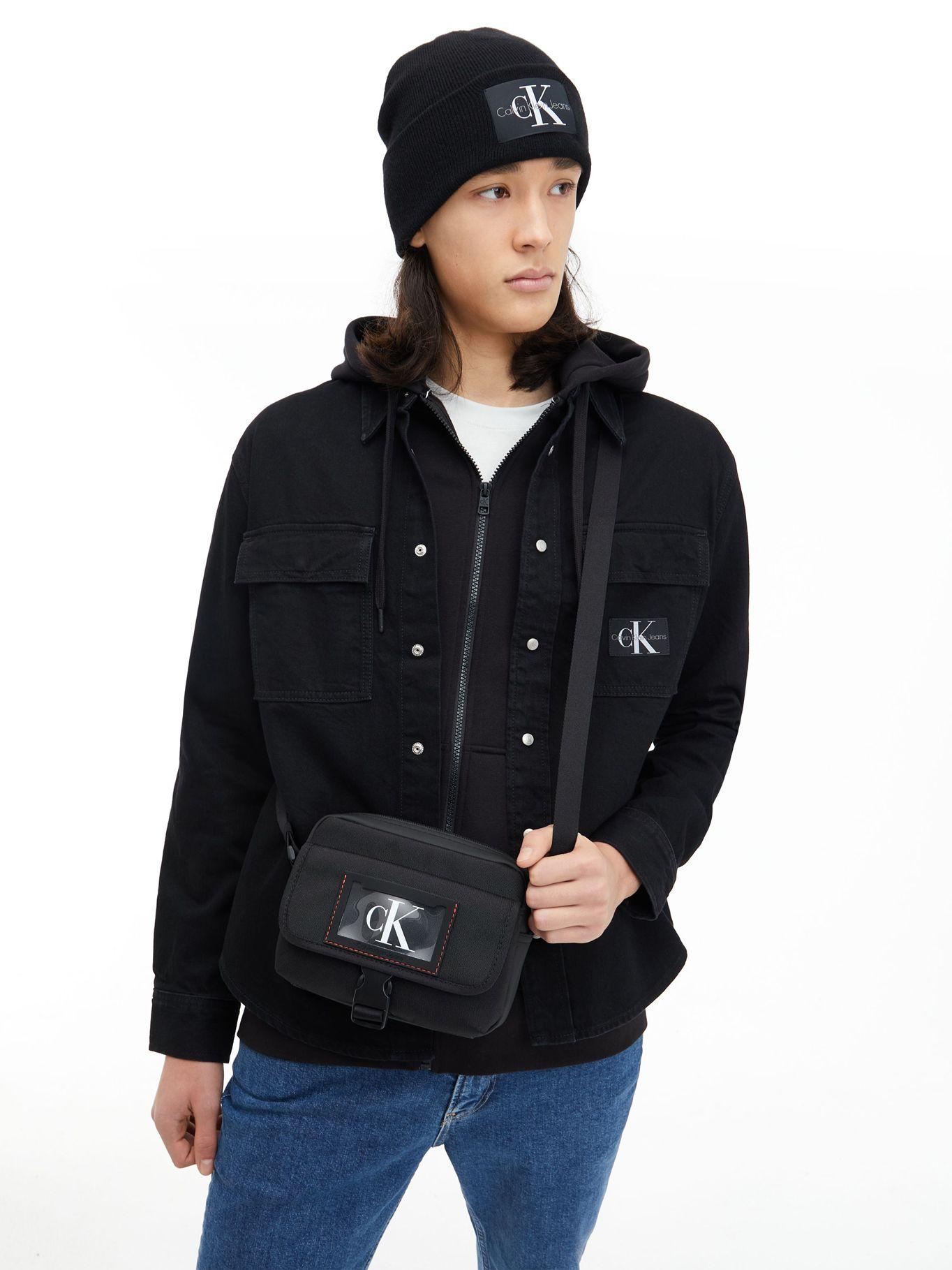 Cartera Cargo Camera Negro Calvin Klein-3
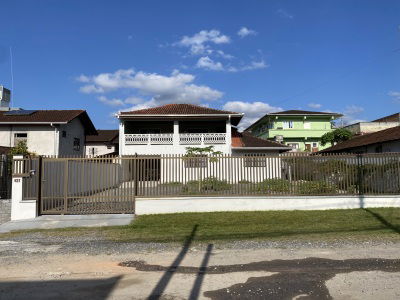 Terreno Urbano em Joinville com 375 m² - Oportunidade!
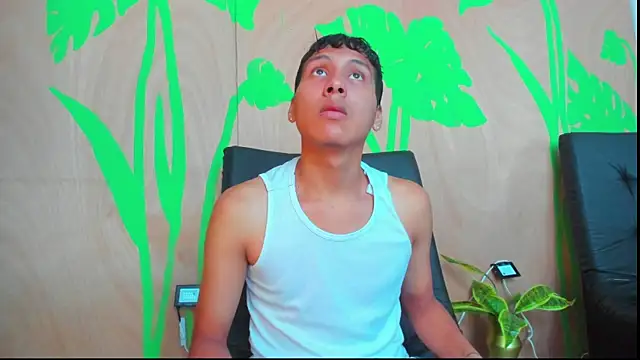 spicy adonhis online show from March 31, 1:44 pm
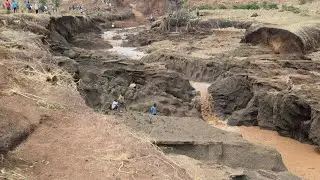 Kenyan officials investigating deadly dam burst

● Exercise goal:
The answer must be the exact lines from the line with "Terreno Urbano em" to the final line of the data, both ends included, with no pictures.

● Exercise solution:
 Terreno Urbano em Joinville com 375 m² - Oportunidade!
 spicy adonhis online show from March 31, 1:44 pm
 Kenyan officials investigating deadly dam burst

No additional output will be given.